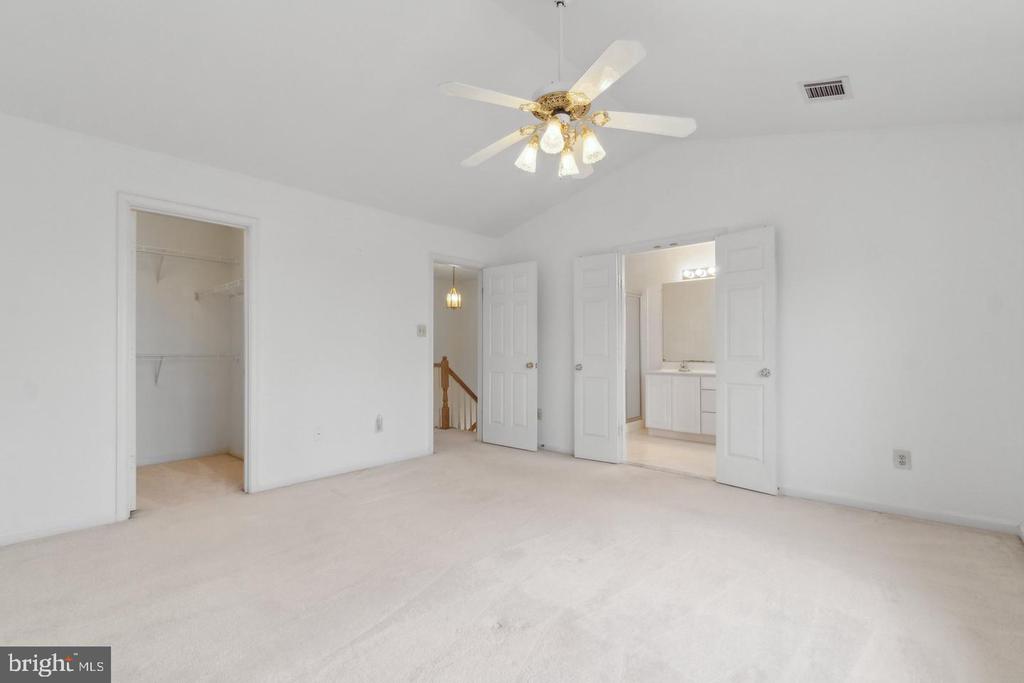 20687 WATERFALL BRANCH TERRACE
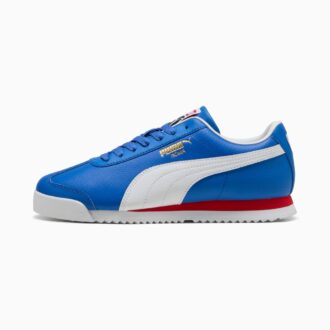 Zapatillas Roma 24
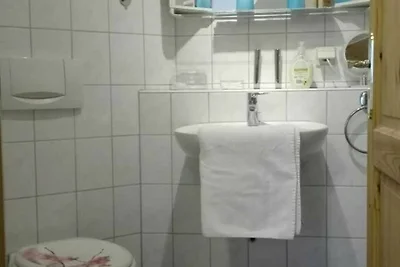 Vakantieappartement Gezinsvakantie Ettenheim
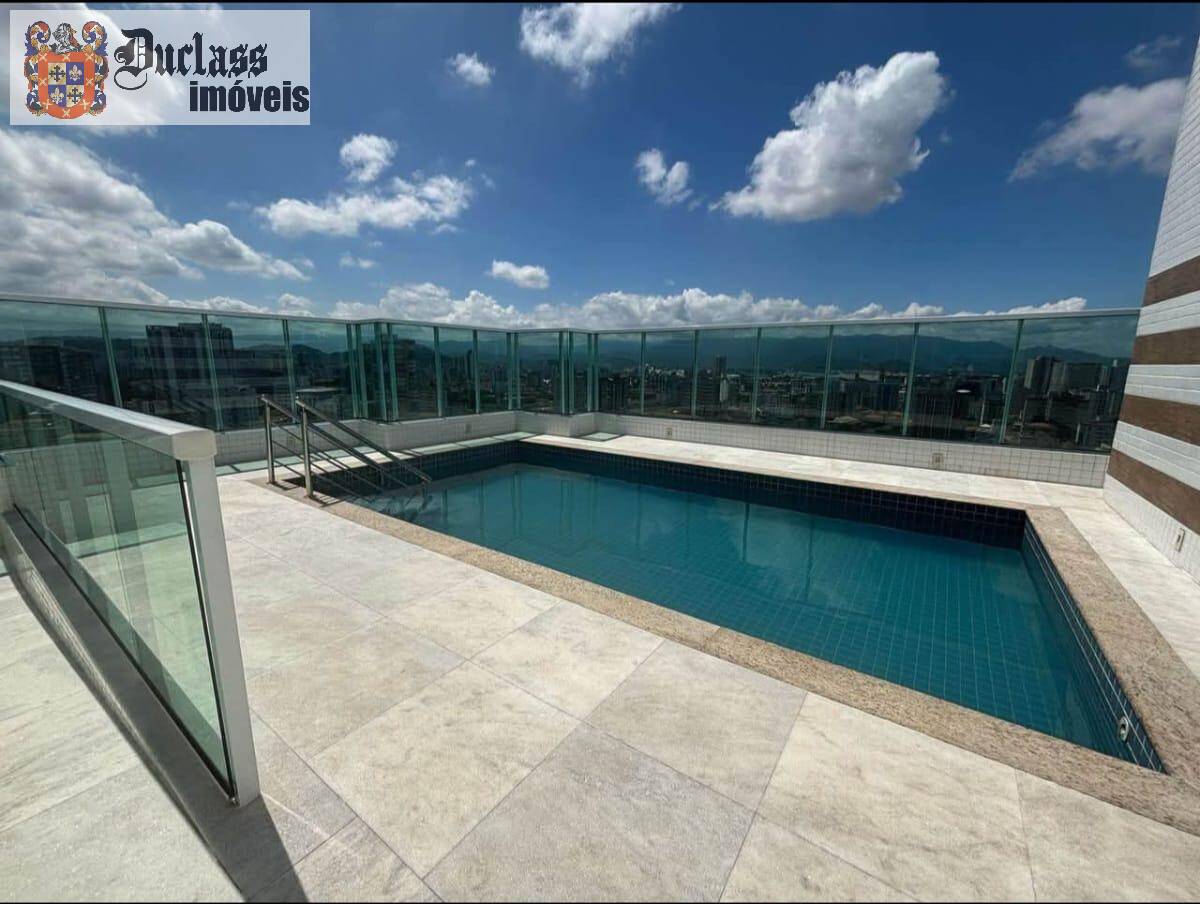 Apartamento, 2 quartos, 52 m² - Foto 25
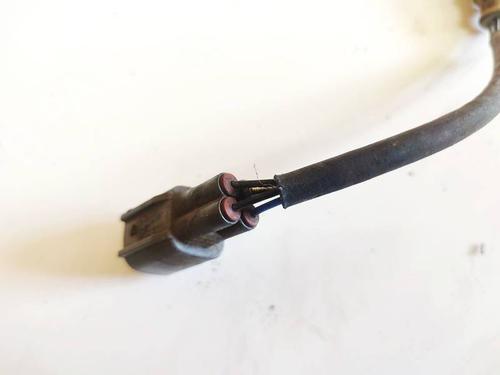 Electronic sensor LEXUS RX (_U3_) 330 AWD (MCU38) | BP35015551M84 - Image 2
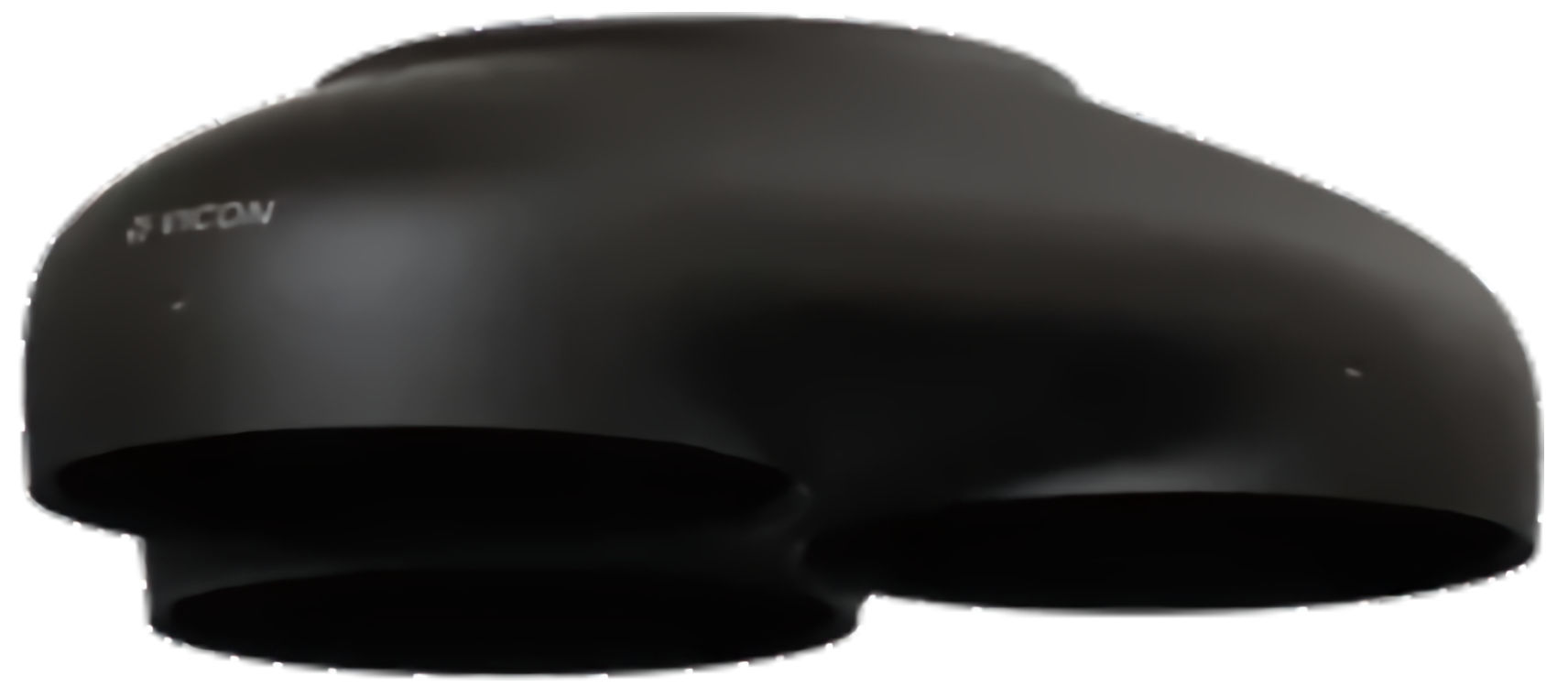 VNX-FX-TRBK-0 - Collsam Security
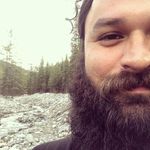 Cody Lightning - @cody.lightning.3 - Instagram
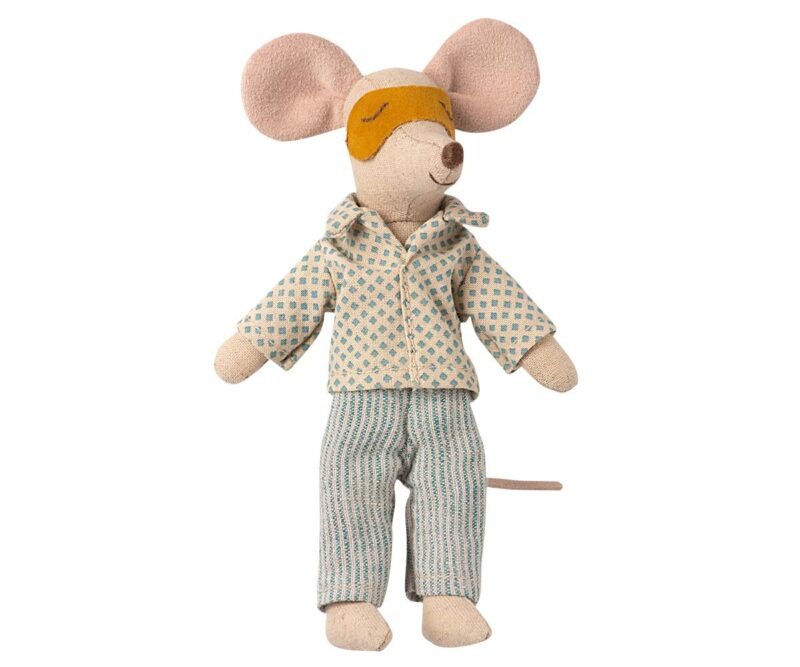 PYJAMAS FOR DAD MOUSE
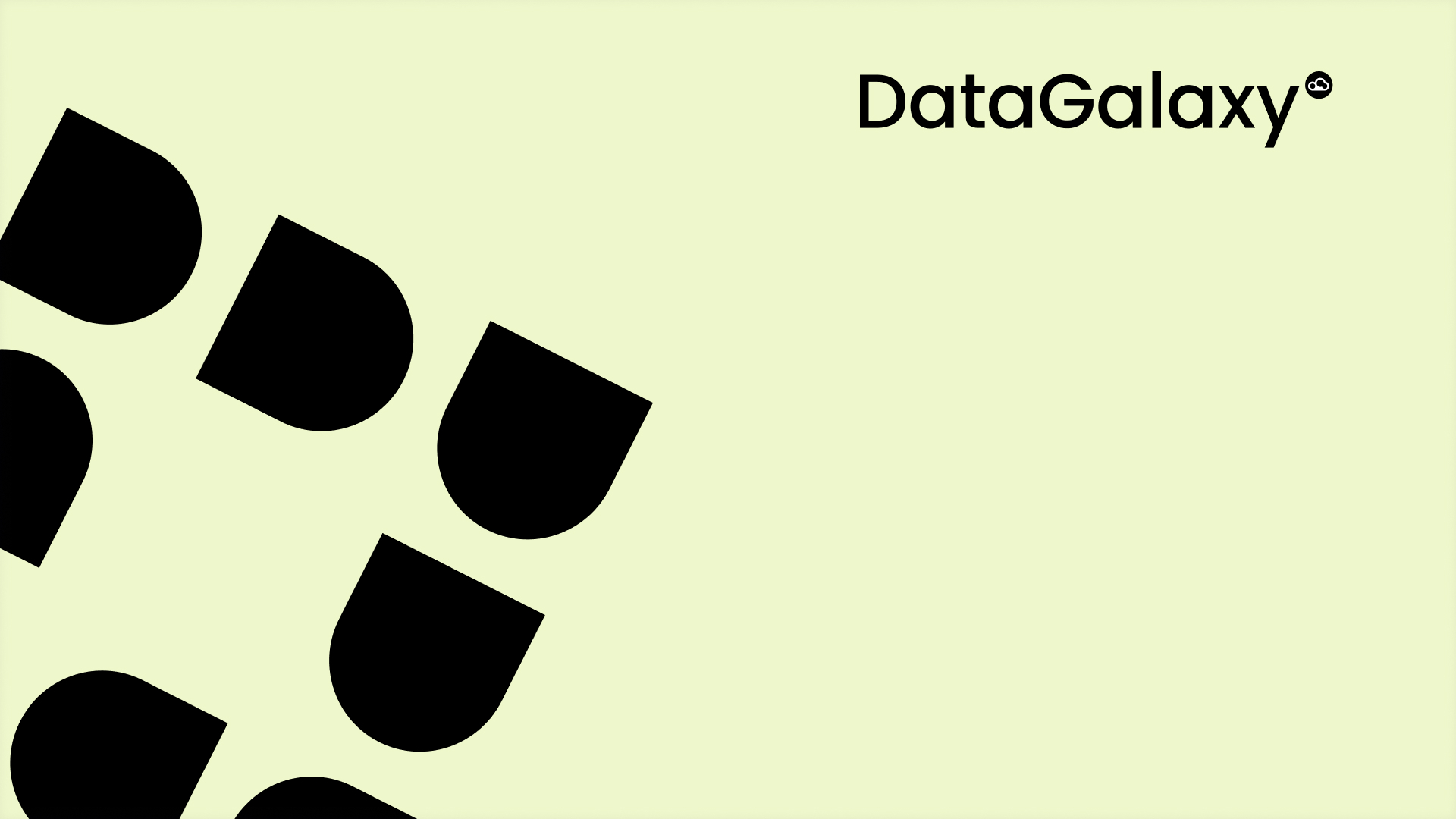 DataGalaxy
· · · · ·
Work request
Would you repeat the entries exactly, keeping the images out?

Response to this task
 20687 WATERFALL BRANCH TERRACE
 Zapatillas Roma 24
 Vakantieappartement Gezinsvakantie Ettenheim
 Apartamento, 2 quartos, 52 m² - Foto 25
 Electronic sensor LEXUS RX (_U3_) 330 AWD (MCU38) | BP35015551M84 - Image 2
 VNX-FX-TRBK-0 - Collsam Security
 Cody Lightning - @cody.lightning.3 - Instagram
 PYJAMAS FOR DAD MOUSE
 DataGalaxy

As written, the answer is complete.